The baseline characteristics of the women are shown in Table 1. There tended to be more primiparas and women with thyroid disease in the GFD group than in the control group, and there were fewer smokers in the GFD group than in the control group.

TABLE 1.

Characteristics of mothers on a gluten‐free diet (celiac disease or women without celiac disease avoiding gluten) and women on an omnivorous diet as the control group during pregnancy (N = 826).
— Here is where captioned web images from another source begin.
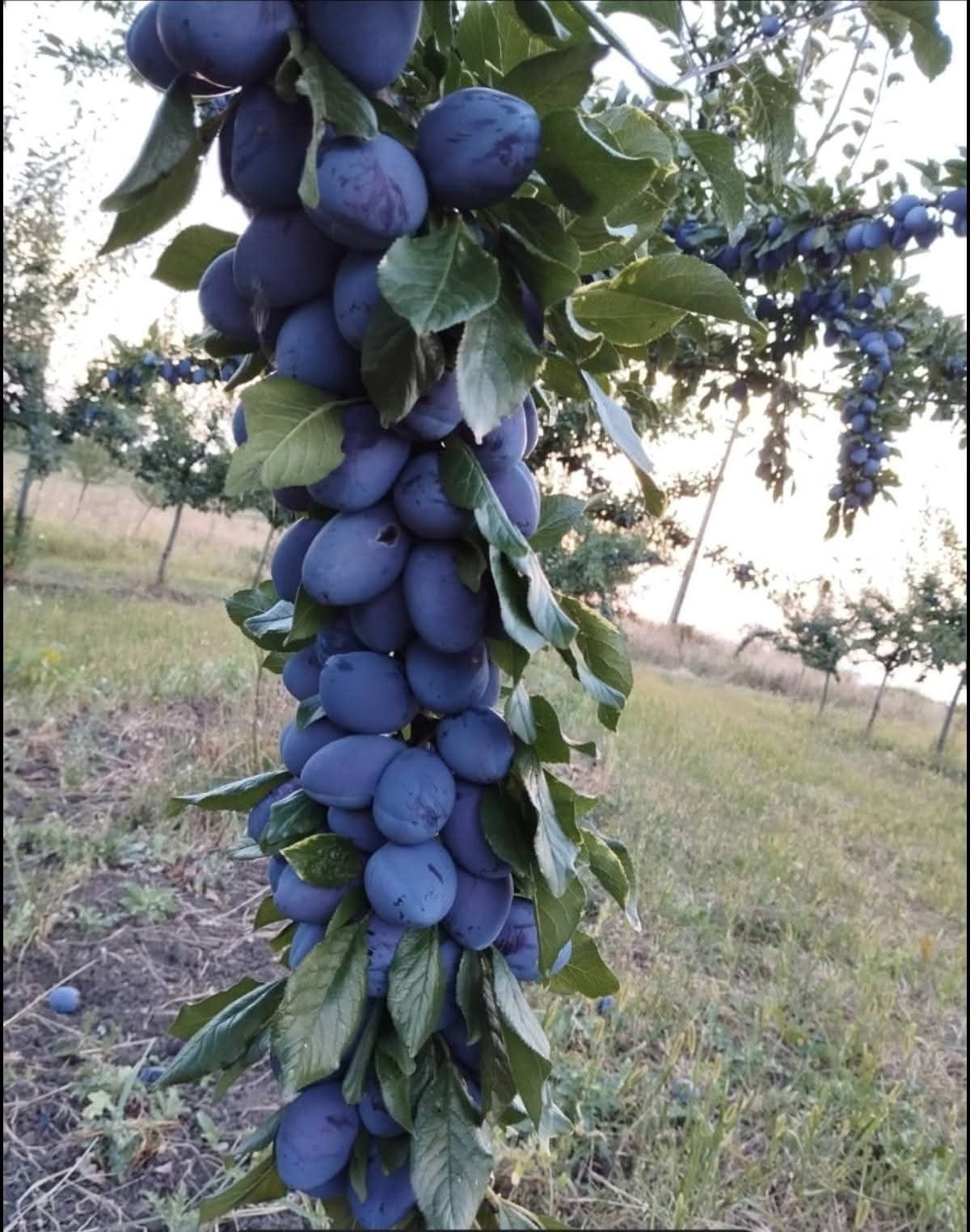 Silvoită de prune 100% natural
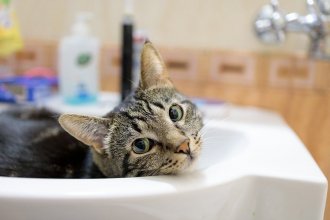 Tips for Pet-Proofing Your Plumbing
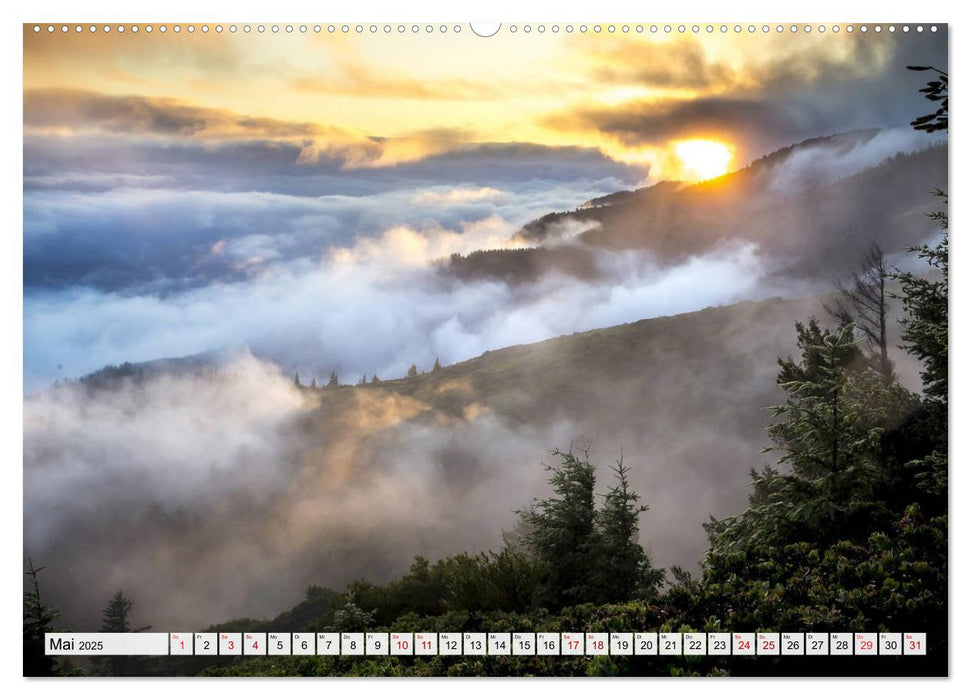 Göttererwachen. Die Natur im mystischen Nebel (CALVENDO Premium Wandkalender 2025)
Standardized differences between groups are shown using Cohen's d point estimate with 95% CIs.

	Gluten‐free (n = 370)		Control (n = 456)		Gluten‐free vs. control
	Mean	(SD)	Mean	(SD)	Cohen's d	(95% CI)
Age, years	30.7	(5.1)	30.6	(5.5)	−0.14	(−0.15–0.12)
BMI (kg/m²)	24.9	(5.3)	25.2	(5.7)	0.06	(−0.07–0.20)

	N	(%)	n	(%)	Cohen's d	(95% CI)
Primipara	168	(45)	180	(40)	0.12	(−0.02–0.26)
Earlier cesarean section	45	(12)	49	(11)	0.05	(−0.09–0.18)
Smoking during pregnancy	24	(7)	71	(16)	−0.29	(−0.43 to −0.15)
Pre‐pregnancy diabetes	12	(3)	10	(2)	0.06	(−0.07–0.20)
Thyroid disease	12	(3)	6	(1)	0.13	(−0.01–0.27)
Basedow's disease	7	(2)	3	(1)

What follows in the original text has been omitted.